Mais dans leur lettre, les universitaires, professionnels de la santé et défenseurs des politiques publiques critiquent le gouvernement pour ses accords de préachat, qui minent selon eux ce principe de distribution équitable. «Le succès de ce plan (COVAX) est maintenant menacé par le comportement de nombreuses nations mieux loties, dont le Canada, qui manoeuvrent actuellement pour obtenir des vaccins pour leurs propres citoyens — un phénomène connu sous le nom de nationalisme vaccinal», lit-on dans la lettre.

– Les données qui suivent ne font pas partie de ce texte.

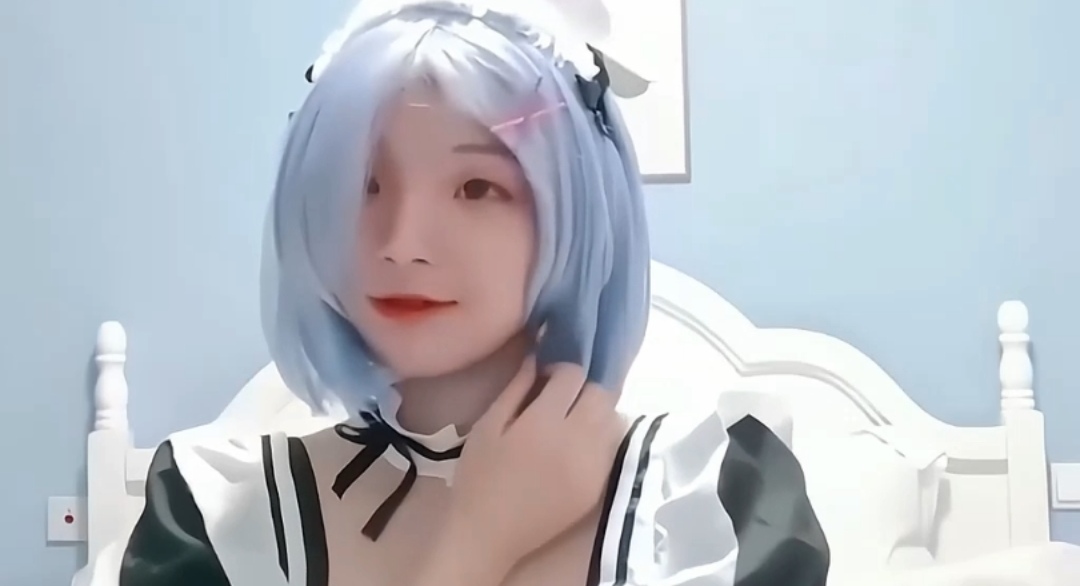 女仆\ / 装骚穴塞水晶棒 %疯狂自慰喷水内射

«Des accords sont conclus avec des fabricants de premier plan, en avance sur les données probantes et dans un climat de confidentialité financière, pour acheter l’approvisionnement d’une ressource limitée et vitale. Sous la houlette du Royaume-Uni, des États-Unis et de l’Union européenne, les pays riches auraient déjà précommandé plus de deux milliards de doses, ce qui a pour effet de paralyser l’approvisionnement en vaccins des autres pays jusqu’à la fin de 2021.»

Mais selon la ministre Gould, il n’est pas contradictoire de garantir l’accès aux vaccins pour les Canadiens tout en assurant le financement de nouveaux outils tels que COVAX. «Alors, je les entends (les critiques). Je les apprécie. Nous voulons tous une solution, et nous voulons tous nous assurer que cela se produise.»

La lettre rappelle que le Canada s’était engagé à se joindre à COVAX et promis 120 millions $ pour son programme «Accès aux outils COVID-19». Le porte-parole de la ministre Gould a assuré que le Canada prévoyait une contribution à COVAX d’ici la date limite du 18 septembre.

Des pressions de tous bords

La docteure Katrina Plamondon, de la Coalition canadienne pour la recherche en santé mondiale, admet en entrevue qu’elle éprouve «de la compassion et de l’empathie» pour les dirigeants politiques canadiens, déchirés entre les deux pressions. «Quand un pays commence à se comporter avec ce nationalisme vaccinal, il y a de la pression», a reconnu la professeure Plamondon, de la faculté des sciences infirmières de l’Université de la Colombie-Britannique.

Plus tôt cette année, le Canada a également renouvelé son engagement envers l’Alliance du vaccin (GAVI), en promettant 600 millions $. Au cours des 20 dernières années, la GAVI est devenue la principale organisation internationale de distribution de vaccins dans les pays moins développés.

Le programme COVAX, quant à lui, est une alliance de partage de vaccins de plus de 150 pays qui est liée à l’Organisation mondiale de la santé. Le plan assurerait également aux pays participants un accès à des vaccins qui couvriraient 20 % de leur propre population.

Selon Mme Plamondon, le COVAX a recueilli moins de la moitié de son objectif de 2 milliards $ — et il serait donc important que le Canada prenne un engagement qui pourrait en inspirer d’autres. «Je serais si fière de voir cela se produire.»